In the first part, the aim is to use simulations to investigate changes to the physicochemical properties of the membrane when introducing bacterial lipids in yeast. These simulations will be used to guide metabolic engineering strategies with the aim to produce novel strains with improved tolerance to organic acids. The first step in this project is to develop new parameters for the lipid species; we need parameters for lipids with unusually long acyl chains and with cyclopropane moieties on the tails. A procedure to obtain these parameters has been established and this step will be straightforward: it entails running several test simulations to check the validity of the parameters. The novel lipids will then be used to assemble novel membranes that will be subjected to long simulations. We will measure basic membrane properties such as thickness and rigidity but also analyze clustering phenomena and the distribution of the novel lipids in the membrane. Finally, we will measure the permeation of organic acids and phenolic compounds through a few selected membranes by performing umbrella sampling.

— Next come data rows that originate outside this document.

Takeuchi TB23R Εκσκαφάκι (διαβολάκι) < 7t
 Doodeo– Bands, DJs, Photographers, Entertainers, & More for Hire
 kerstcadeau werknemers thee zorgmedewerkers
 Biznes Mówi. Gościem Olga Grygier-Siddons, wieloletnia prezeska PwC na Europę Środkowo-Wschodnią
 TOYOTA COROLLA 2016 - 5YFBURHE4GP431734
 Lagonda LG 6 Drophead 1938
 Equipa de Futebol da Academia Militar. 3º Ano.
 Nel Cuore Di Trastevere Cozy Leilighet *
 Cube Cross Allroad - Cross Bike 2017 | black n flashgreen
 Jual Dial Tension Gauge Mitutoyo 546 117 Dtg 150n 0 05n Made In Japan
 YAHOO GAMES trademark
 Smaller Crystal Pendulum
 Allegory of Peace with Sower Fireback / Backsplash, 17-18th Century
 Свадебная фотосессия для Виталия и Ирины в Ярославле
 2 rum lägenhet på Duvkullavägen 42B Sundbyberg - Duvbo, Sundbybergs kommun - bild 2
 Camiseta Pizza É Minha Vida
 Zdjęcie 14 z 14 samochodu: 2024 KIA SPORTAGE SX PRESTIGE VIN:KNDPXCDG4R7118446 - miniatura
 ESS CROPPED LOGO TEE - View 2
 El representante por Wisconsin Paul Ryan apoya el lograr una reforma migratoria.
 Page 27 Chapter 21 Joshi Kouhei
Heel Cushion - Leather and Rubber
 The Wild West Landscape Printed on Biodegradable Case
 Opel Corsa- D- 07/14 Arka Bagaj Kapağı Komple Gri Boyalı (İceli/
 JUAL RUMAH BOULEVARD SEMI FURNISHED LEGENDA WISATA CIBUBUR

In the second part, the aim is to investigate the effect of simulation size on the water–membrane partitioning of butanol, ethanol, acetone and DMSO. We have in an earlier study established that chemicals produced by the yeast cells, such as butanol and ethanol, affects the permeation of acetic acid. Therefore, it is essential to quantify the amount of membrane partitioning of these molecules and how they affect the properties of the membrane. We also observed a size effect of the partitioning in the simulation – more alcohols partitioned in the membrane when we increased the solvation level. This observation had to be investigated further and using a previous SNIC project we have produced preliminary data that a size effect exists for butanol, ethanol, acetone and DMSO. In the proposed project we will extend these simulation and run replicates to establish statistically converged and reliable results. The study entails modeling a small model membrane (64 lipids) solvated with different levels of water molecules (40, 80, 160, 320 and 640 water molecules per lipid). In this system, butanol, ethanol, acetone and DMSO will be inserted at various concentrations and subjected to 500 ns simulations to equilibrate the partitioning between water and membrane.